За годы войны я не раз испытывал жестокое горе, неутолимую боль, узнавая о гибели близких — кровных и друзей.
Знал и страх. И отчаяние. Но только два раза не удержал слез. Двадцать пятого сентября 1941 года, когда услышал по радио сводку „оберкоммандо Вермахта“ — ликующий голос врага: „Флаг со свастикой реет над Киевом…“. И в апреле 1944 года, когда впервые снова пришел на Крещатик; брел между холмами пепелищ и закопченными кирпичными скелетами. Узнавал и не узнавал. И плакал, не замечая встречных.
Киев. Нет на земле места для меня милее и краше. Хотя сейчас он и стал чужим. Я знаю: там властно хозяйничают чужие недобрые силы. Не хочу жить там. И понимаю Виктора Некрасова, который так любил наш Киев, так дивно писал о нем, а в 1974 году покидал его с горечью неприязненного отчуждения.
Но при всем том, нет на всей планете уголка роднее, чем батько Киев.
Украина — страна моего детства и юности.
По-украински разговаривала со мной няня Хима; рассказывала сказки — байки. Пела. Это она и мама пели те песни, которые навсегда останутся во мне. По-украински говорили ребята, с которыми я дружил, играл и дрался в селах, где работал отец. И он со своими друзьями и товарищами — агрономами — говорили по-украински. В школе и в университете я изучал украинский язык и литературу. Навсегда полюбил могучую поэзию Шевченко, поэзию и прозу Франко, Леси Украинки, книги Панаса Кулиша, Коцюбинского. И в новейшей украинской литературе я чувствовал себя на родине. Близки и необходимы были мне мудрые печальные драмы Миколы Кулиша, стихи Тычины, Зерова, Рыльского, Сосюры, поэтическая проза Хвыльового, Яновского. До 1935 года я не пропустил ни одной новой постановки Леся Курбаса в театре „Березиль“, радовался каждому фильму Довженко.
Первую постоянную работу я получил осенью 1929 года. „Биржа труда подростков“ направила меня в вечернюю рабочую школу для малограмотных. Там я преподавал украинский и русский языки, арифметику, основы политграмоты и основы естествознания — объяснял, что земля крутится вокруг солнца, а не наоборот, и что люди произошли от обезьян. Часть моих учеников говорили по-украински, но было и несколько приезжих из России, а большинство изъяснялись на том смешанном русско-украинском наречии пригородов, которое можно по желанию отнести к любому из двух языков.
Когда на паровозном заводе я был сотрудником заводской газеты и редактором цеховой многотиражки, то статьи и заметки писал только по-украински. Я был твердо убежден в необходимости украинизации — социалистическая культура должна быть „национальной по форме“.

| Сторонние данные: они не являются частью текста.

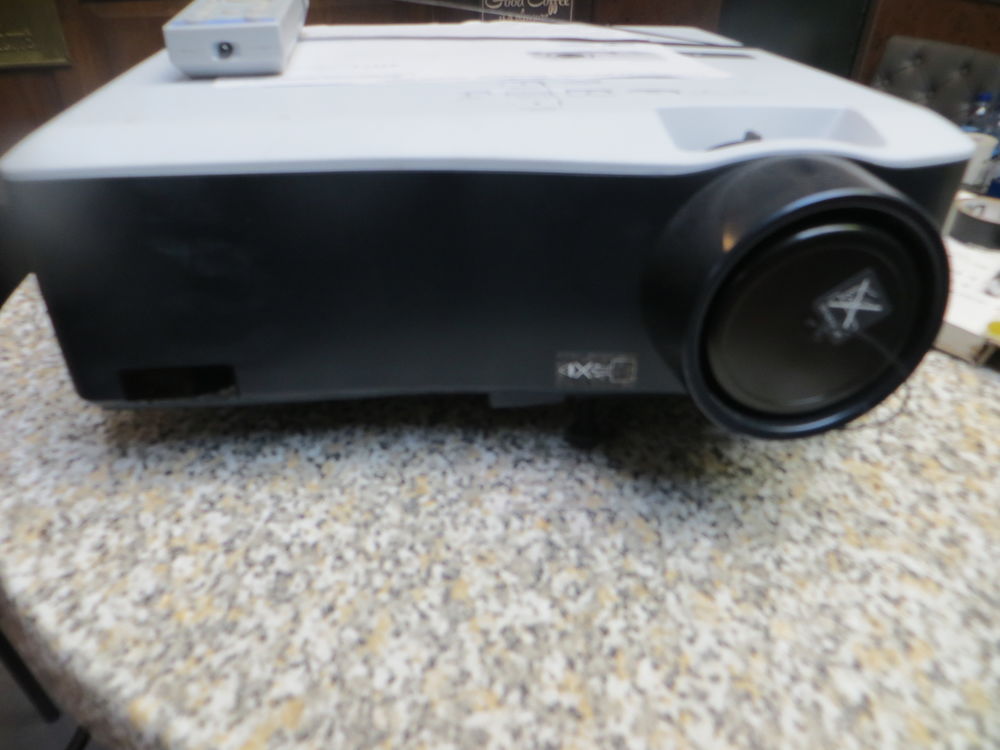av Vid�o projecteur Mitshubishi XD 550 220 Paris 8 (75)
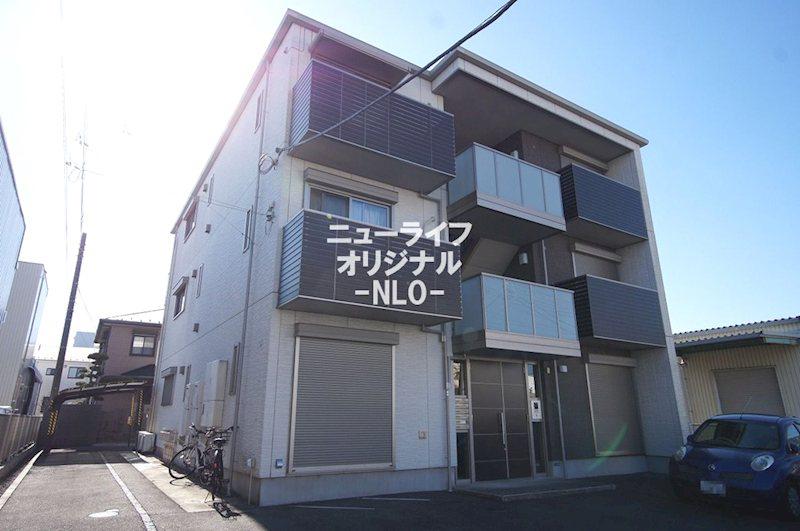神奈川県平塚市 3階建 築11年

В ту пору я и стихи сочинял только по-украински. Писал о далеком Севере, куда наш завод отправлял тяжелые тракторы.
Украинские стихи я писал и позднее. В последний раз на фронте, в госпитале, для кареглазой полтавчанки — сестры Тани.
(Мои украинские вирши были еще хуже, чем русские. Хотя и лучше, чем те немецкие, которые я сочинял для листовок и звукопередач, чтобы агитировать немецких солдат.)
По-русски я говорил дома, с родителями, с большинством друзей-ровесников, с любимой девушкой, которая стала моей женой, едва нам исполнилось по восемнадцать лет. Русских книг у меня всегда было больше, чем украинских. И в памяти осело неизмеримо больше русских стихов и русской прозы.
Мои чувства, мое восприятие мира воспитывали, развивали прежде всего русское слово, русские наставники и русские переводы Шекспира, Гюго, Диккенса, Твена, Лондона. Немцев я читал на их языке.